▶ **Instructions for the task**
Scan the material for the word "trousers" and copy each line where it occurs.

-*-

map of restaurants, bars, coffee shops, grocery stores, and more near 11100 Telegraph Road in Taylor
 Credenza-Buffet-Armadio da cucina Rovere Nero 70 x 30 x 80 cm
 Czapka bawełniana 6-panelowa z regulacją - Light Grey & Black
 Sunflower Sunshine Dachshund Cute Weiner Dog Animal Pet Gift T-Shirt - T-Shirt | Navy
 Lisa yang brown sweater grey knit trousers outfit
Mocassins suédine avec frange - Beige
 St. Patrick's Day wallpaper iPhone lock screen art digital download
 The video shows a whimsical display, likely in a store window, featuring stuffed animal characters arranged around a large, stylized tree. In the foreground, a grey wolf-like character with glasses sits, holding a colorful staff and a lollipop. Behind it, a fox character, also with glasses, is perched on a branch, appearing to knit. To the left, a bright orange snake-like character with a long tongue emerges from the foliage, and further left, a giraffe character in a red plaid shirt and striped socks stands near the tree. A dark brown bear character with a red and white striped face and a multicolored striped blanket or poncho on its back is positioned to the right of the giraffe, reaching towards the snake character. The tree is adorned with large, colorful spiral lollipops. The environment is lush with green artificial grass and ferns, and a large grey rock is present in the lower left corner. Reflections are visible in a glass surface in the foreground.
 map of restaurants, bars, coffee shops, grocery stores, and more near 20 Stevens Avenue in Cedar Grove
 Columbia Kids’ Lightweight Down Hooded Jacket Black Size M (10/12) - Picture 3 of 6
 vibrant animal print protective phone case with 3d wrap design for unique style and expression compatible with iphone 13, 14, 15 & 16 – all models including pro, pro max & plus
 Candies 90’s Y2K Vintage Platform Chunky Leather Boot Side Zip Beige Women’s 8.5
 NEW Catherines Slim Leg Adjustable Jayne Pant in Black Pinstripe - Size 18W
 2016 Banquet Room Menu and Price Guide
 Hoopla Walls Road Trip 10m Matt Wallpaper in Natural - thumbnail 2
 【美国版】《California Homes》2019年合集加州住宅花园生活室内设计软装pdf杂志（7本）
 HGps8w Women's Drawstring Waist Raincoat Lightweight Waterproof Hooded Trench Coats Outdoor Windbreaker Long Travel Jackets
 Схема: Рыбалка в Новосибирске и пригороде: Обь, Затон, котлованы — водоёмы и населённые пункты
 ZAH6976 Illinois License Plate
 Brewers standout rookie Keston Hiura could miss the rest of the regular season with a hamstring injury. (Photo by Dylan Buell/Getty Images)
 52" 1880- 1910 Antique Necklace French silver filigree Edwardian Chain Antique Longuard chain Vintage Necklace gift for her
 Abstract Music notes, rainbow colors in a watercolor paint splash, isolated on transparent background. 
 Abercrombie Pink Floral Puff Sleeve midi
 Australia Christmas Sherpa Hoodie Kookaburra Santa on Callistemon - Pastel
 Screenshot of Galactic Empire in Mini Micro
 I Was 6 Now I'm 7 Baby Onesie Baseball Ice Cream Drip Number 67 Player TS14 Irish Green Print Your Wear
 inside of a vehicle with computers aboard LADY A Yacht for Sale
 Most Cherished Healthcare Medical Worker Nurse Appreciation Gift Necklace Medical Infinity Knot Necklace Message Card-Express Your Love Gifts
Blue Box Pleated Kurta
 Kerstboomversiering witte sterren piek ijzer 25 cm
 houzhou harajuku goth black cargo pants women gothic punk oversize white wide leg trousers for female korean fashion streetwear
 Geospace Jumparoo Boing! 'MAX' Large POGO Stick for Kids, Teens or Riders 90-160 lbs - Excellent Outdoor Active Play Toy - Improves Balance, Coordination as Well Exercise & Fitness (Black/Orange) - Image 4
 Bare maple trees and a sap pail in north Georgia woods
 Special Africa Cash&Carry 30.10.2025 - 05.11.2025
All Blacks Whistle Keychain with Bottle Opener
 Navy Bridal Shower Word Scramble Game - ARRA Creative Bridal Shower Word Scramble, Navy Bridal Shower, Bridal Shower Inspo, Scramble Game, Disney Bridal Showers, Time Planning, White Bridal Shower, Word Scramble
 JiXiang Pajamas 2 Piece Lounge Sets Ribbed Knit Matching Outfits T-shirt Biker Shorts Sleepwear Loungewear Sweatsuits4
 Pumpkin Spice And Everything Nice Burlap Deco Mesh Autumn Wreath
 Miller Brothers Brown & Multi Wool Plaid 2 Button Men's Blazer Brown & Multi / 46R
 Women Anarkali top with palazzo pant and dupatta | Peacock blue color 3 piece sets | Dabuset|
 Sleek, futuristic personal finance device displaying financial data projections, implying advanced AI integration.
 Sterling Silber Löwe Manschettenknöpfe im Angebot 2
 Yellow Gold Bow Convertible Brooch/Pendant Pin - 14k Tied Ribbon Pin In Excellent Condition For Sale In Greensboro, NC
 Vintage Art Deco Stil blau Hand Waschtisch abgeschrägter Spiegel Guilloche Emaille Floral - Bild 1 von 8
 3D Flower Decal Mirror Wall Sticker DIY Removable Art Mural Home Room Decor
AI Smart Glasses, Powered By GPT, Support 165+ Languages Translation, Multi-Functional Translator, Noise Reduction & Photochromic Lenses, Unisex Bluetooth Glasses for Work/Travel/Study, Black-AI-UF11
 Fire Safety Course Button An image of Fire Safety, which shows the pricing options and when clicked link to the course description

-*-

▶ **Written response**
 Lisa yang brown sweater grey knit trousers outfit
 houzhou harajuku goth black cargo pants women gothic punk oversize white wide leg trousers for female korean fashion streetwear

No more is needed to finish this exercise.